About me

My Story

I'm a musician. At 19, I got sick — and my life changed completely.

I developed Glandular Fever (M.E.) at 19. It never went away. For 14 years I've lived with chronic illness, mostly bed-ridden. I'm now 33.

At 26, I discovered I also have Autism — specifically Pathological Demand Avoidance (PDA). Some of my old music: SoundCloud and YouTube.

I don't have much work experience. But I have 14 years of life experience. I've always been good at guiding and inspiring others. That's what I bring.

Symptoms of M.E.

  • 24/7 body pain — feet feel like standing on golf balls
  • Extreme fatigue — 10% of a healthy person's energy
  • Dry mouth 24/7, even when drinking
  • Swollen glands, including my face
  • Secondary: bloating, weight gain, insomnia, chronic anxiety

Symptoms of my Autism

  • Sensory overload — sounds, light, touch are magnified
  • Difficulty reading social cues
  • Obsessive, looping thoughts — echolalia
  • Hyper-fixation and Autistic Inertia
  • Extreme emotions — highs and lows, no middle ground
  • Severe isolation needs

Symptoms of my PDA

  • Resistance to demands — even tiny ones
  • Freeze response to any task, including lifting a glass
  • Every task is a mental wall to climb
  • Structure causes breakdowns — I cannot work with routine

My Accomplishments

These are personal wins. My lived experience is what makes me unique.
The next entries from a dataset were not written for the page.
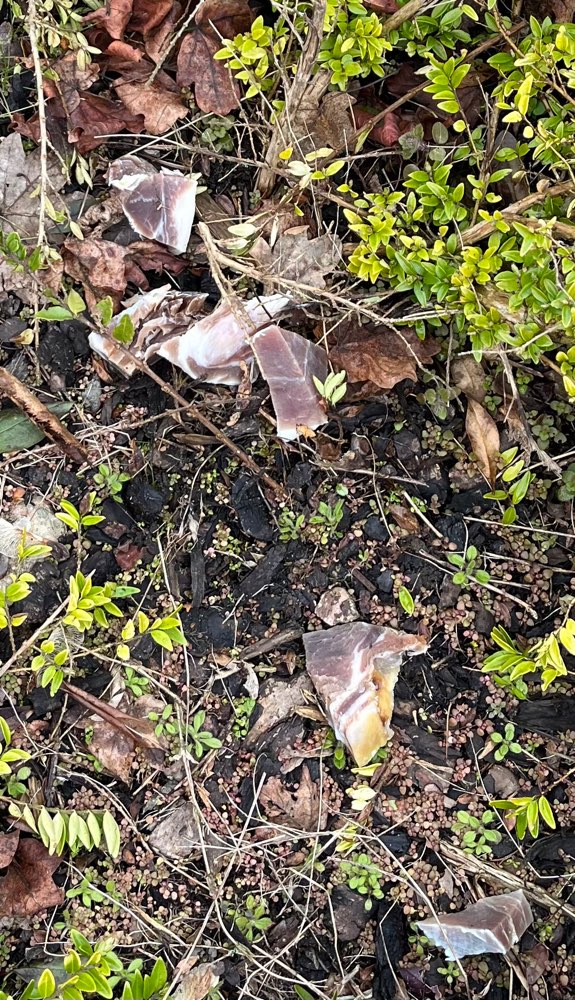 Giftköder-Vermutl. Vergiftetes rohes Fleisch-Profilbild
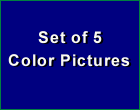 5 Color Pictures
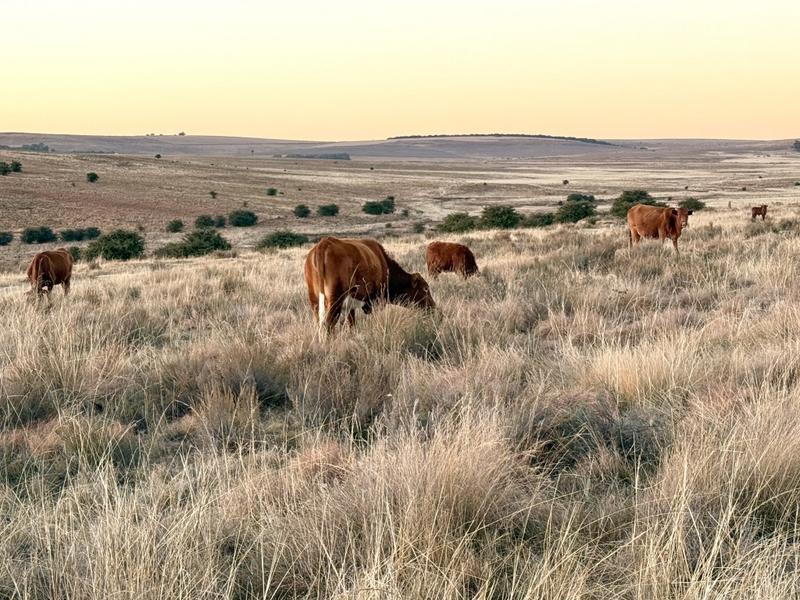 0 Bedroom Property for Sale in Warden Free State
Went from not being able to watch TV, to reading 20+ pages of heavy classics in a sitting.
Went from a short walk putting me in bed for days, to walking uphill daily and doing pushups and planks.
Cured a year of insomnia. It has never returned.
Healed 12 years of chronic anxiety. I'm human — I still feel anxious sometimes. But the chronic version is gone.
Went from losing every friend I had, to building a solid support system through DBT and practice.
Rebuilt my family relationships from complete breakdown to genuine harmony.
Went from 15+ plates piled in my room (couldn't carry them) to washing dishes and cooking daily.
Went from 10 minutes of music production before crashing, to 2 hours a day — while managing a team, cooking, and starting this practice.
Battled suicidal ideation and deep depression. Found strategies to pull myself out. I'm here to help you find yours — gently, without toxic positivity.